Ali perto fica Sendim, terra de músicos. Dali são originários alguns membros dos Galandum Galundaina, ali nasceu a banda de rock agrícola Pica Tumilho e muitas bandas de garagem (ou celeiro) que todos anos mostram o que valem num encontro de músicos. Em Agosto, a vila é palco do concorrido festival Intercéltico.

"A diferença com Lisboa é que aqui é fácil arranjar espaços", continua Ana, "há sempre um pavilhão, uma sala vazia". Ou uma escola primária desocupada, transformada no café que a Lérias agora ocupa. Embora o presidente da Junta de Freguesia já tenha avisado que mais cedo ou mais tarde terão de a devolver: é que com tanta gente nova a chegar a Atenor, qualquer dia a escola poderá ter de reabrir.

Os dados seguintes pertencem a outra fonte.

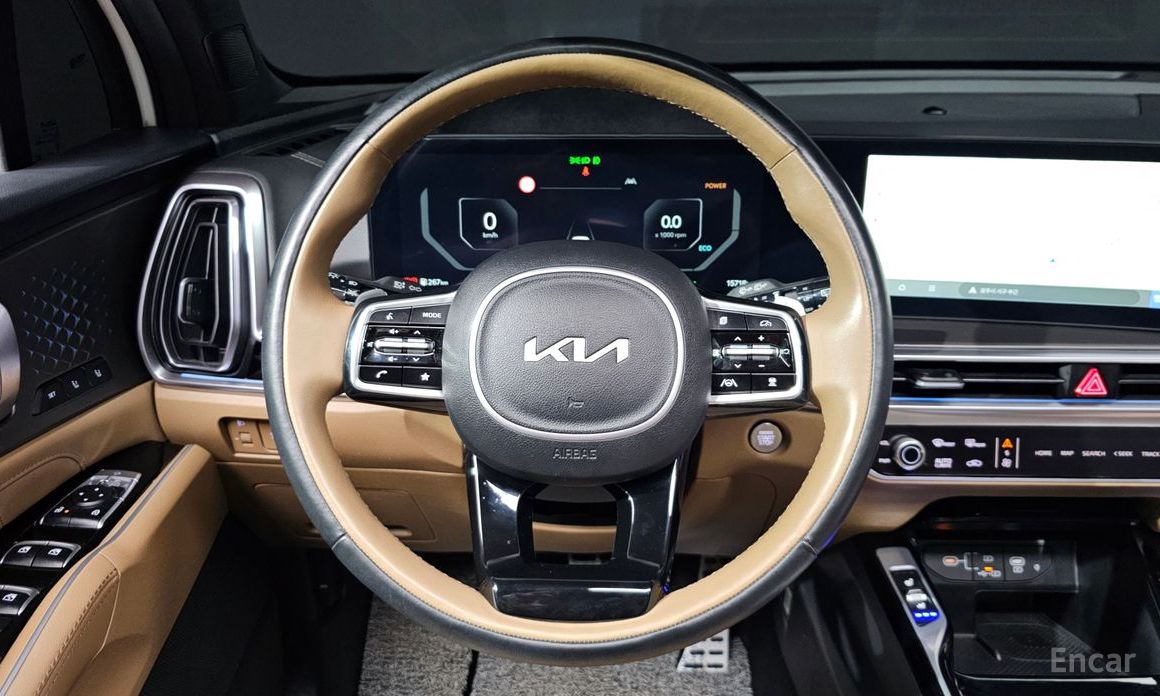 2024 Kia Sorento IV Рестайлинг HEV 1.6 2WD Signature с пробегом 15 718 км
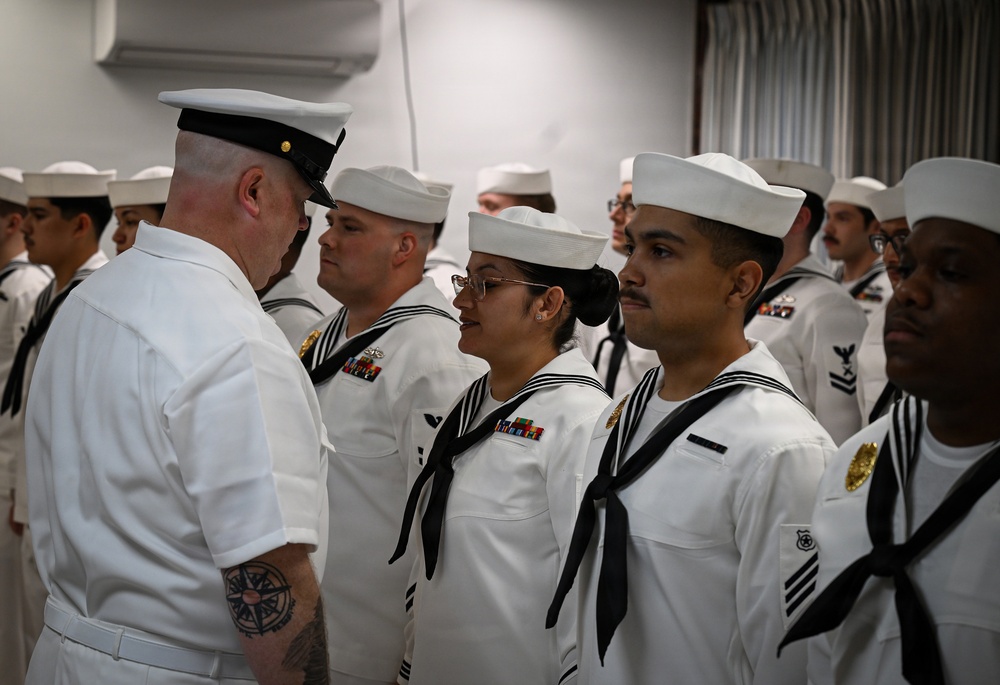 NSGL Security Conducts Uniform Inspection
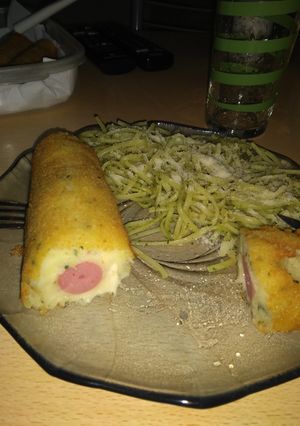 Una foto de Salchichas envueltas con puré. 😋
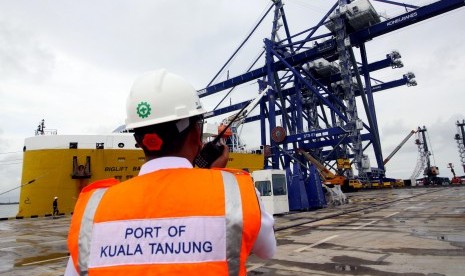 Petugas PT Prima Multi Terminal (PMT)/Anak Perusahaan Pelindo 1, memantau aktivitas pemindahan tiga unit Container Crane baru yang didatangkan dari Finlandia di Pelabuhan Kuala Tanjung Multipurpose Terminal (KTMT), Sumatera Utara. PT Pelabuhan Indonesia II (Persero) atau IPC mendukung sinergi anak perusahaan PT Pelabuhan Indonesia I, II, III dan IV (Persero) yang bergerak dalam bidang pemeliharaan peralatan. Perusahaan tersebut yakni PT Prima Multi Peralatan (PMP), PT Jasa Peralatan Pelabuhan Indonesia (JPPI), PT Berkah Industri Mesin Angkat (BIMA), dan PT Equiport Inti Indonesia melalui penandatanganan Nota Kesepahaman atau Memorandum of Understanding (MoU) pada hari ini (26/2). 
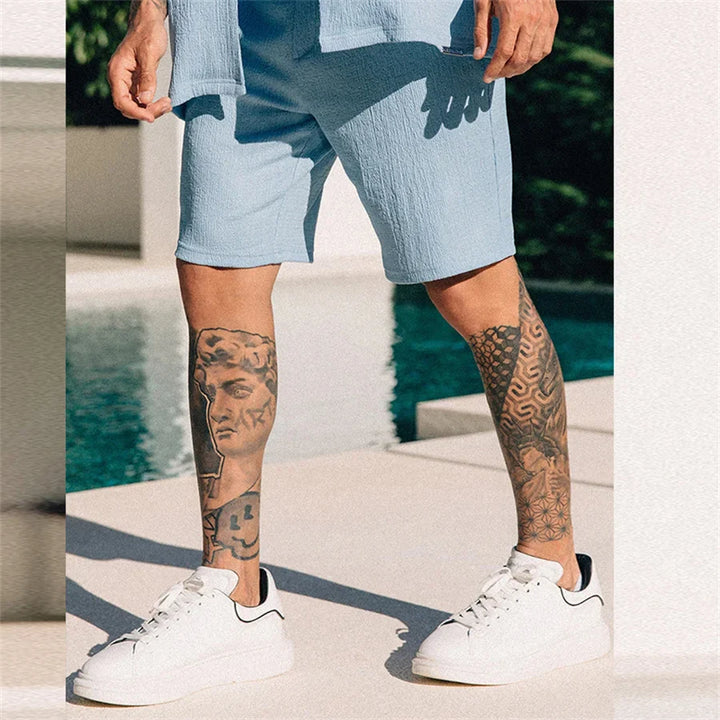 Sommer-Outfit für Herren mit Strukturhemd und elastischen Shorts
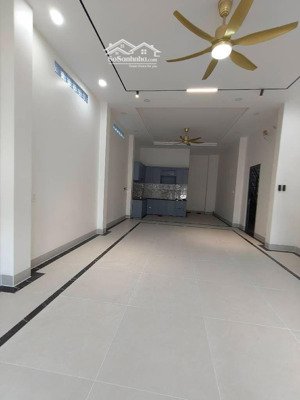 nhà mới 2 tầng, 100m2, gần tô ngọc vân, trung tâm tam bình, thủ đức chỉ 8 tỷ nhỉnh.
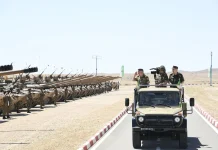 Le Général d’Armée Chanegriha supervise à Amdoukal un exercice tactique avec munitions réelles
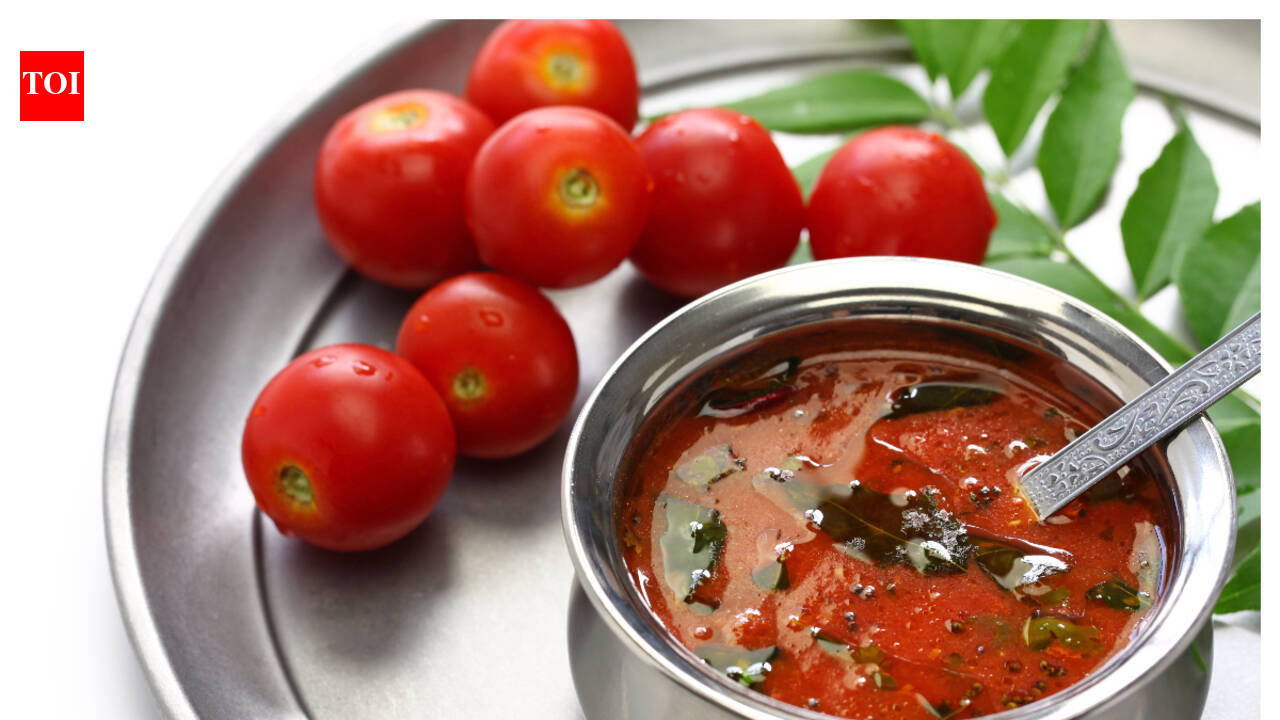 How to Make Immunity Boosting Rasam Tea at Home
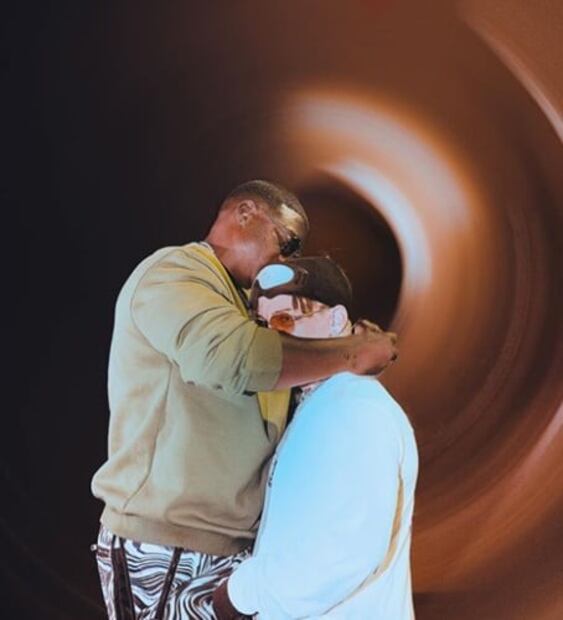 Akon dedica emotivo mensaje al rapero Costa Titch, el rapero que murió en pleno concierto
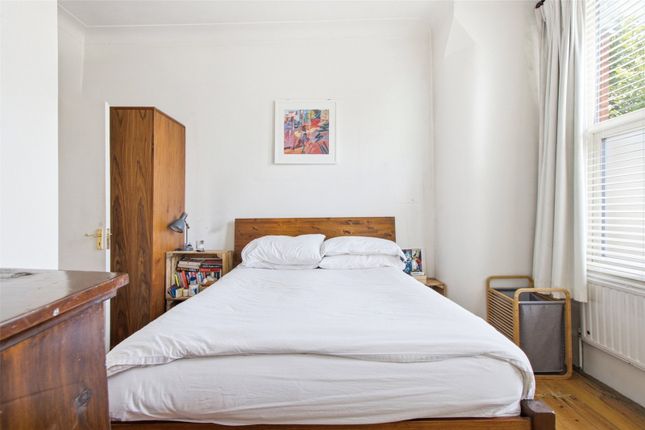 Ground Floor Flat, 44, Lordsmead Road, London photo 4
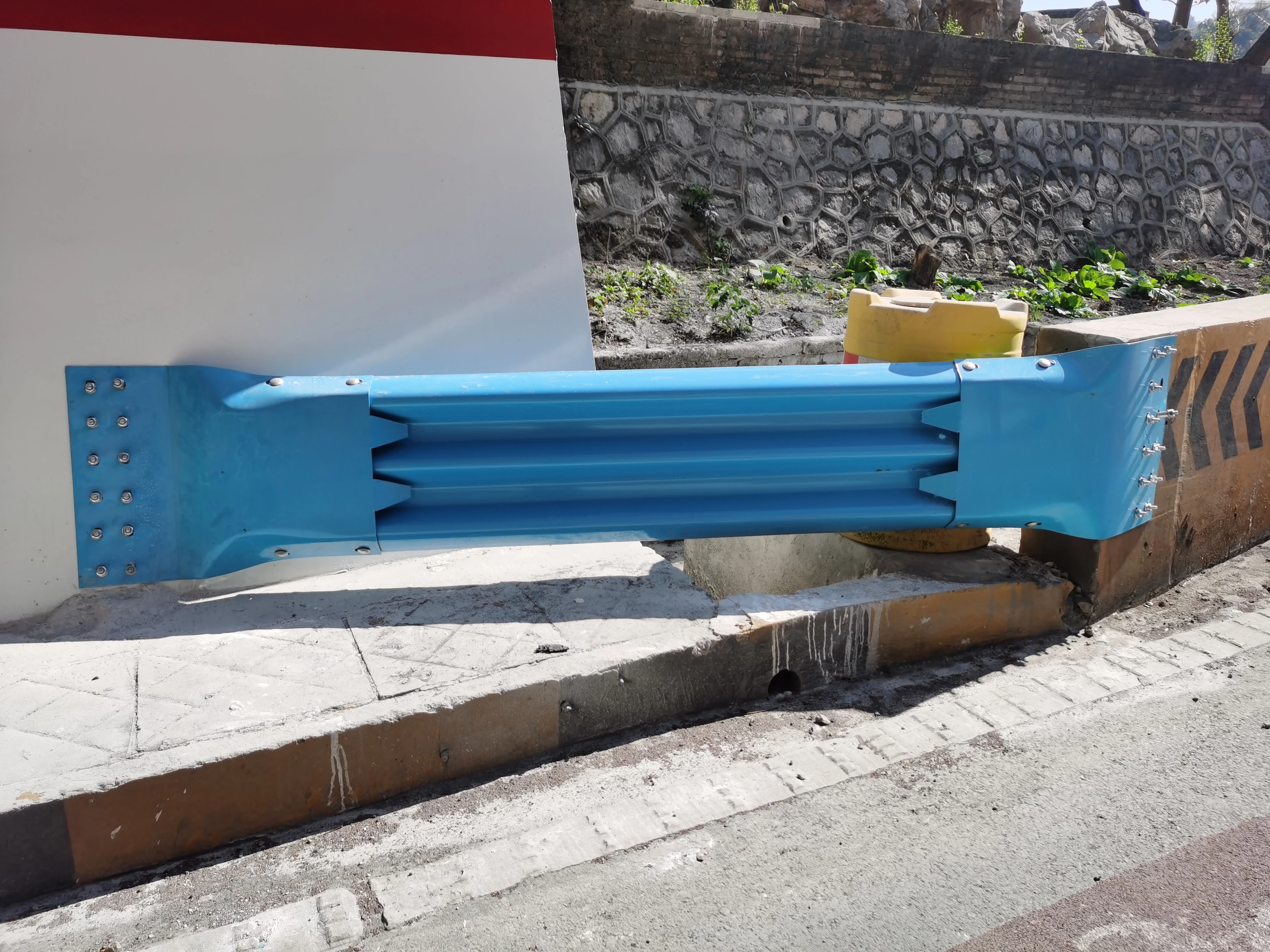 Индивидуальные W Балочные ограждения стальные недорогие цена за метр антикоррозийное ограждение для шоссе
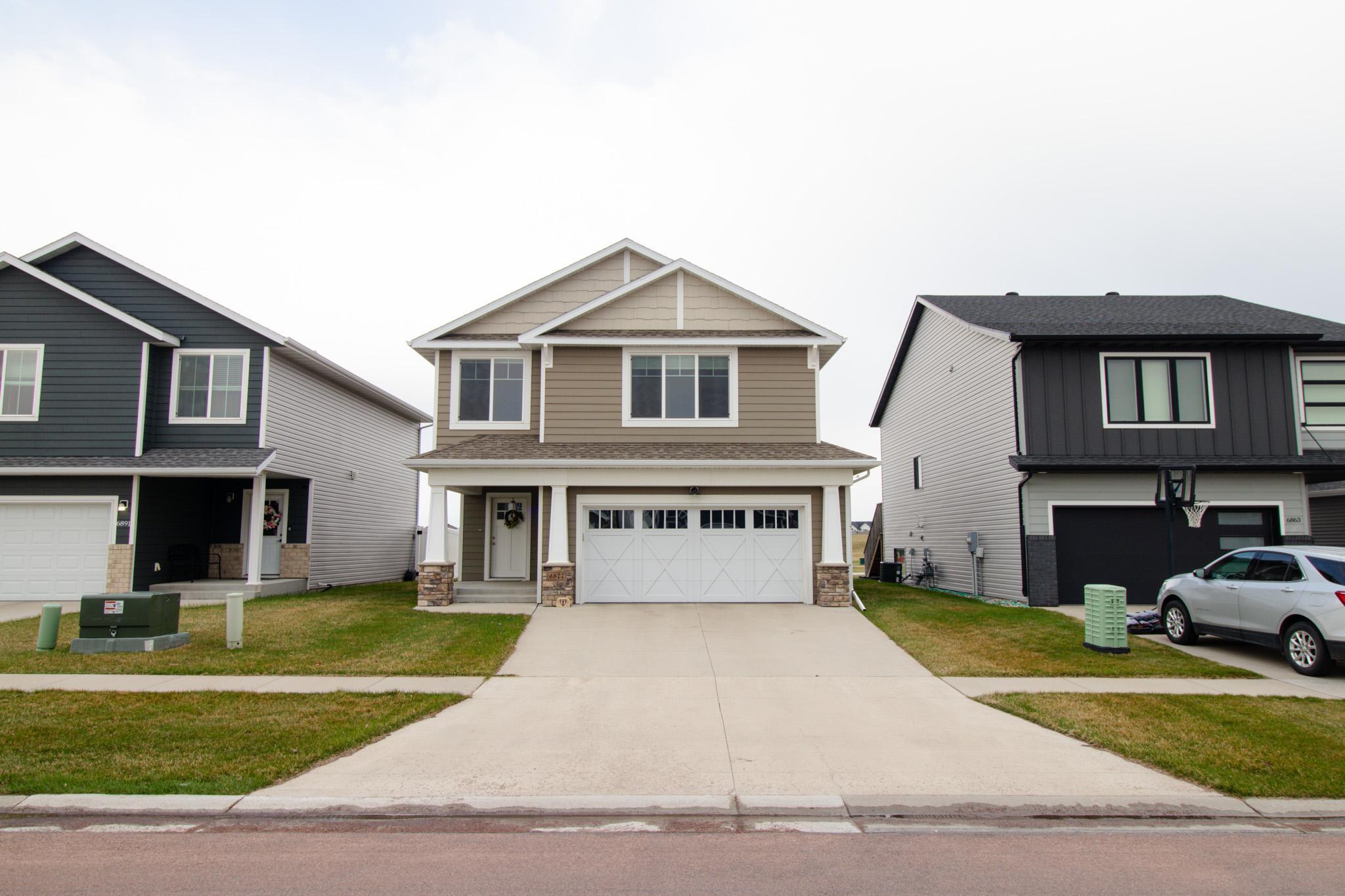 6877 17th Street S Fargo ND 58104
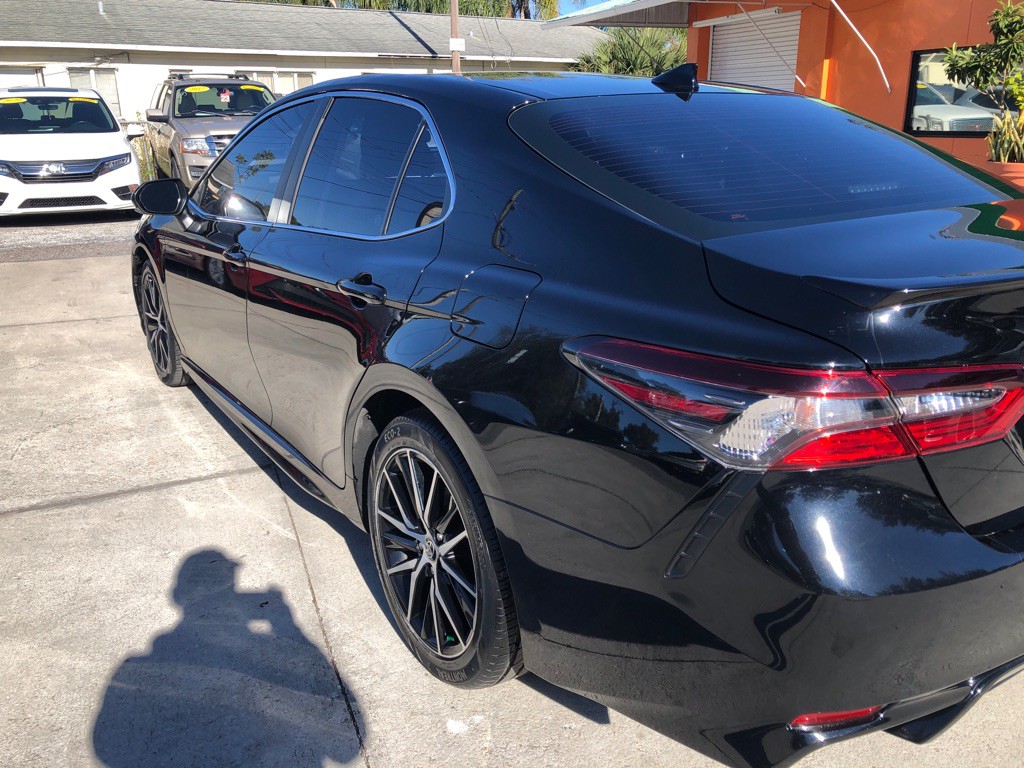 2021 Toyota Camry Image 18
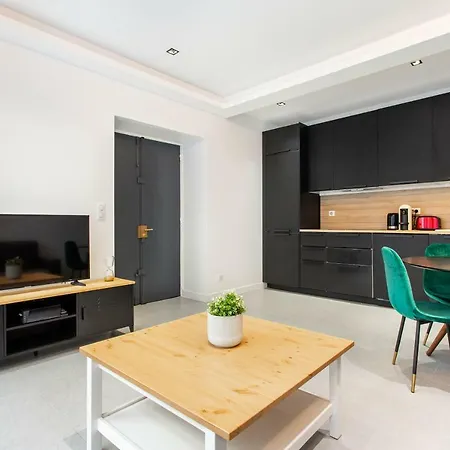 Cmg Parc De Bercy - Madagascar Appartement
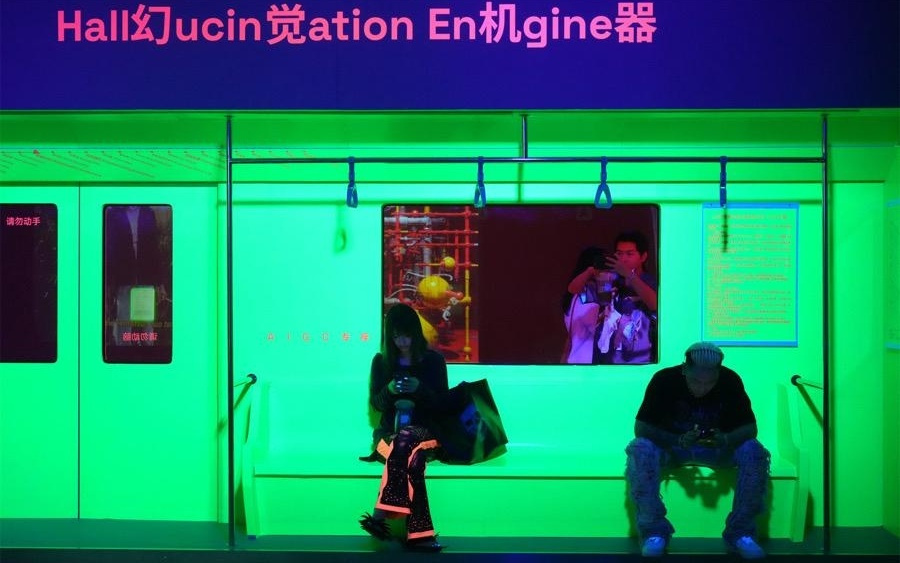 AI倒逼人类思考：什么是深度的美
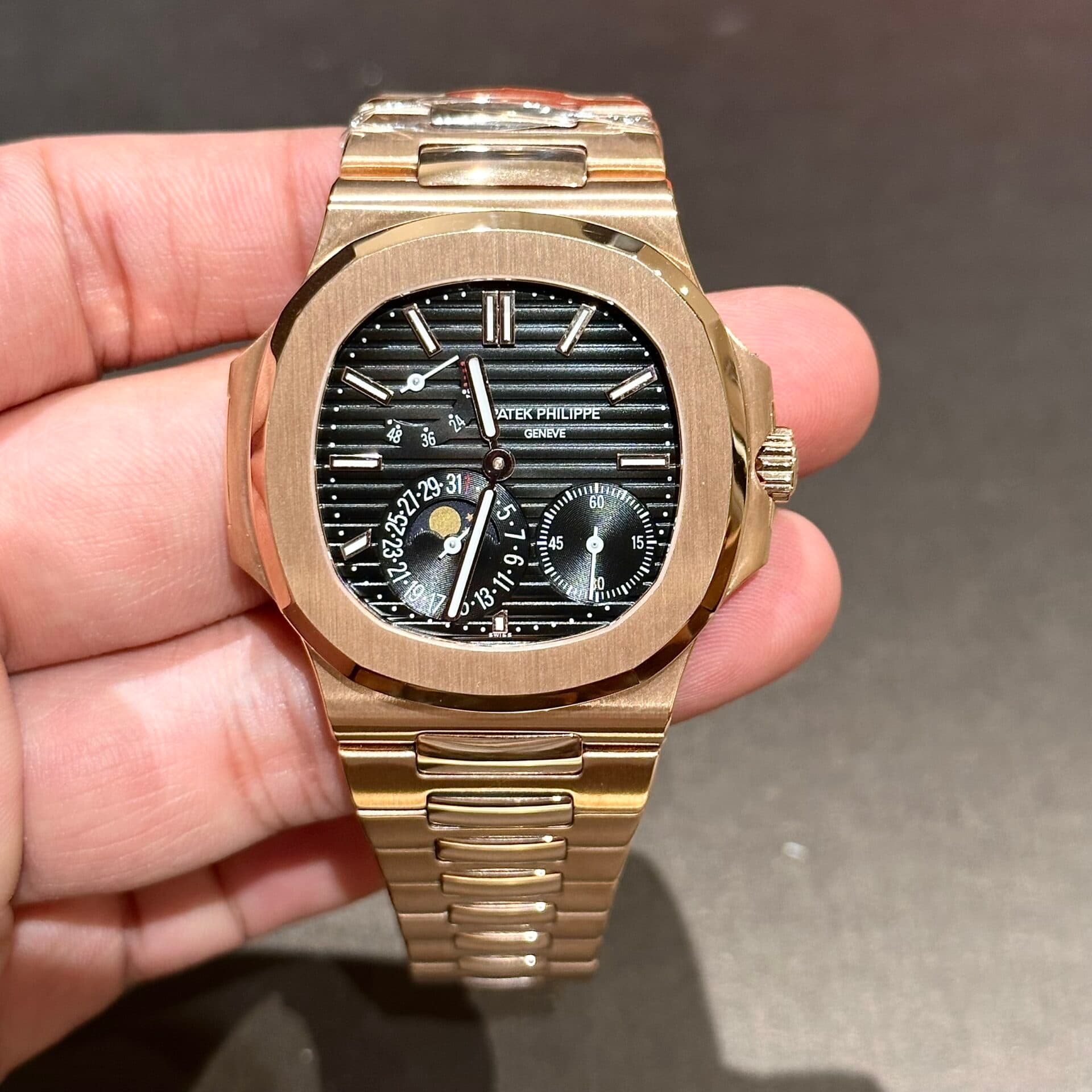 Dong-Ho-Patek-Philippe-Nautilus-5712-Nha-May-GR-40mm-8-1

Para já são as crianças do passeio a encherem a aldeia de gritos alegres. Os mais resistentes ainda levarão os burros até aos estábulos, revezando-se no uso da forquilha para lhes darem palha. Após o jantar ainda vão rir-se com as pantominas da peça de teatro e dançar no baile de música tradicional.

No dia seguinte, um terço do grupo sairá à conquista do Castelo de Algoso. Os restantes derramam-se pela região, em busca de programa alternativos. Há a Festa do Pão em Caçarelhos, cruzeiros no Douro, miradouros sobre as arribas, mil e uma sendas para descobrir, a pé e de bicicleta. Nessa busca, acabámos por encontrar um novo recanto, junto ao Angueira. Ficaremos por ali, a seguir o rio e o rasto de lontras. Ao lado, num lameiro ressequido, um burro zurra. Do céu escuro caem as primeiras gotas de chuva.